■ **TASK MATERIAL**:
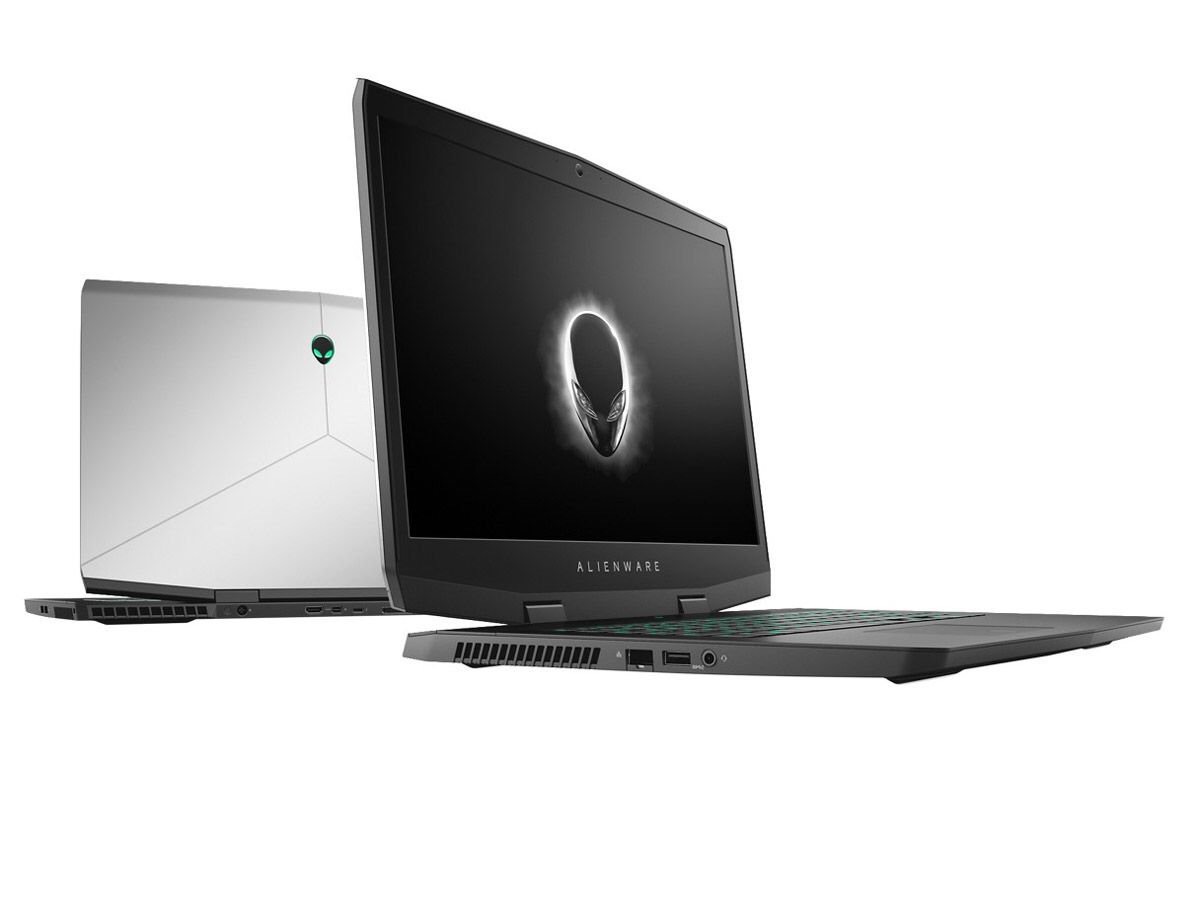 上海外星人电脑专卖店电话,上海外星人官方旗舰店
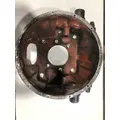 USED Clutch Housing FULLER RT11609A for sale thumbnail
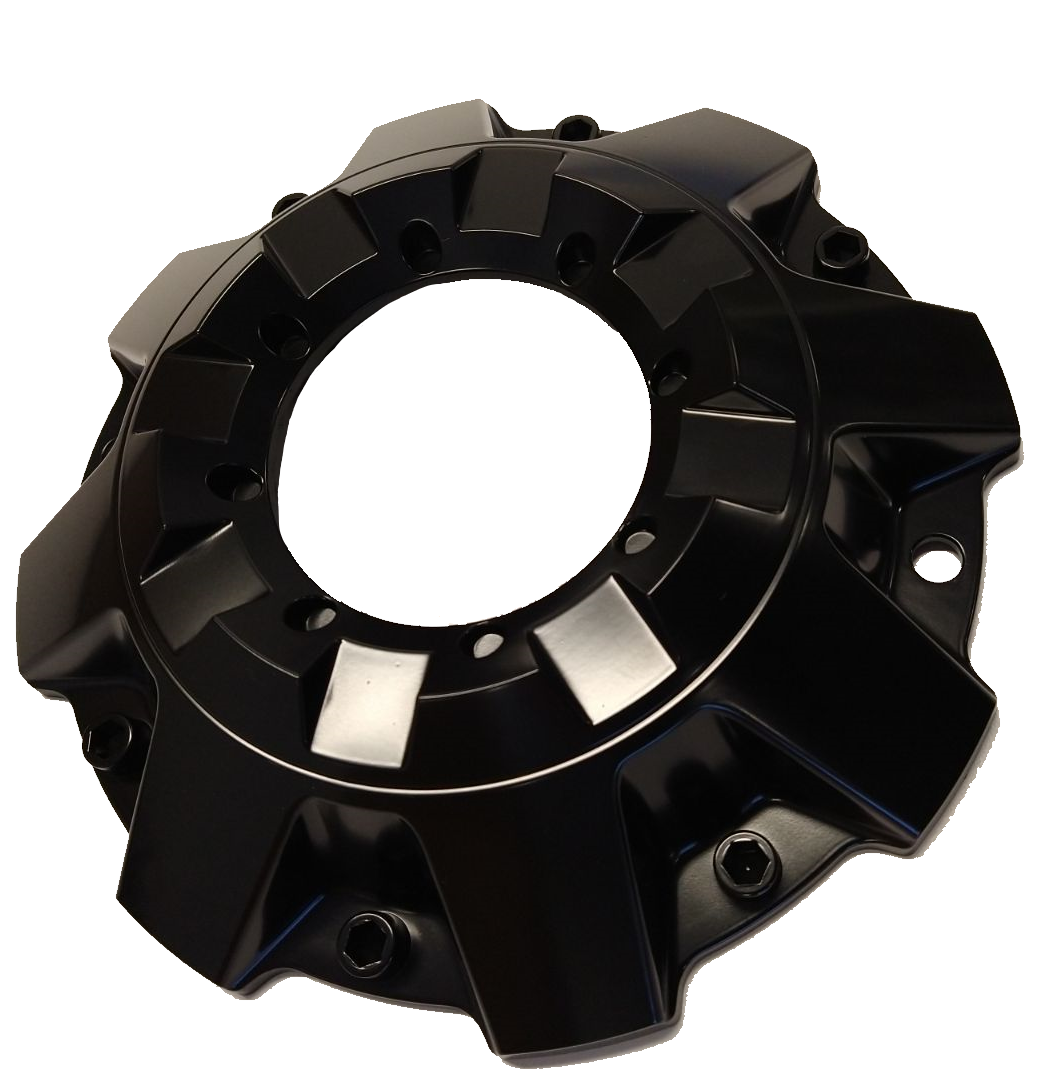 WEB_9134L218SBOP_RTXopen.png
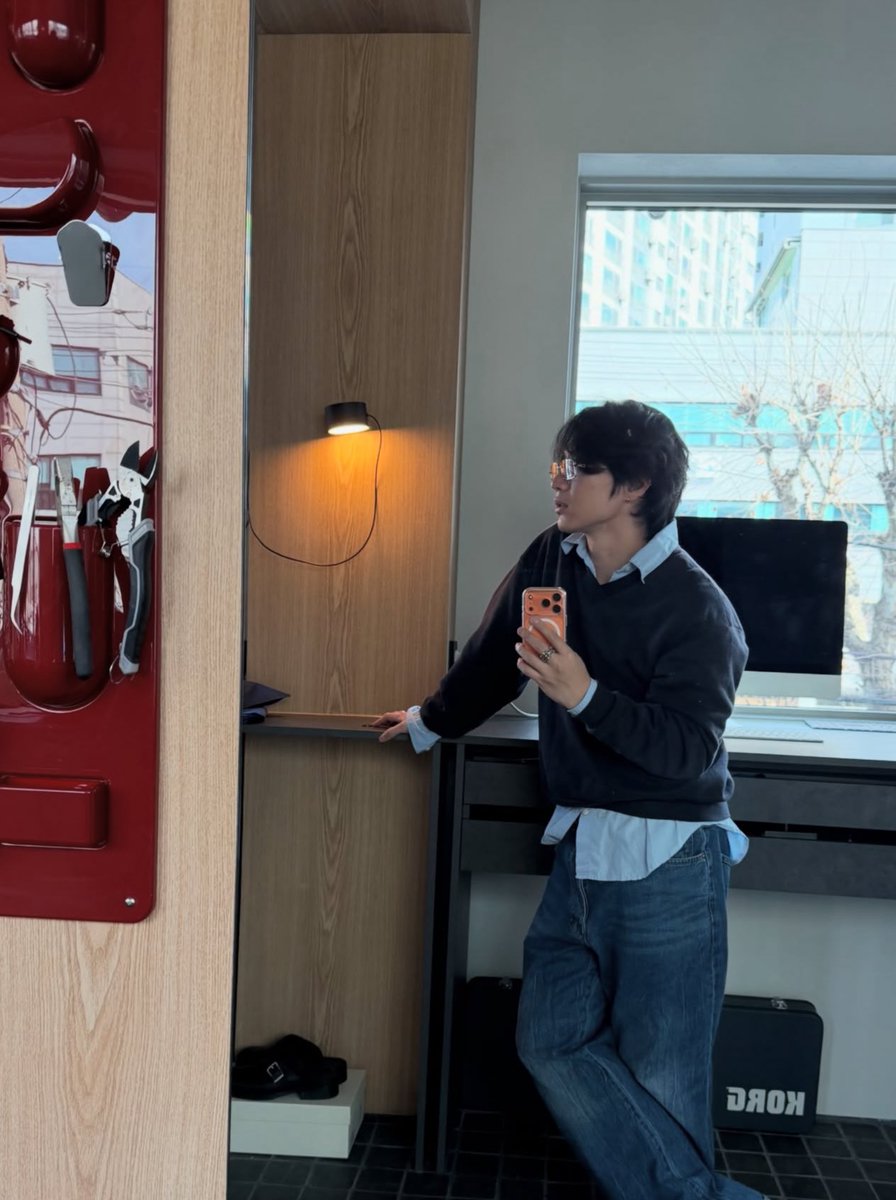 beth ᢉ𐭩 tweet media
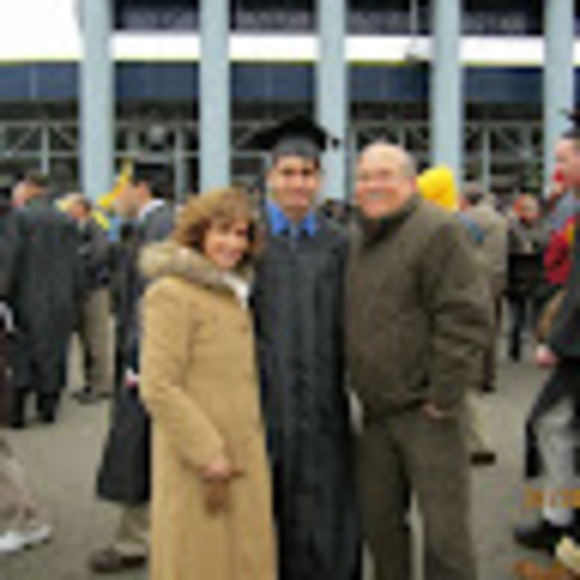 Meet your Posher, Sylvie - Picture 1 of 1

■ **DIRECTIONS FOR THIS TASK**: Please reproduce the lines exactly from the one containing "USED Clutch Housing" through the last line of the data above, and keep the pictures out.

■ **EXERCISE OUTPUT**:
 USED Clutch Housing FULLER RT11609A for sale thumbnail
 WEB_9134L218SBOP_RTXopen.png
 beth ᢉ𐭩 tweet media
 Meet your Posher, Sylvie - Picture 1 of 1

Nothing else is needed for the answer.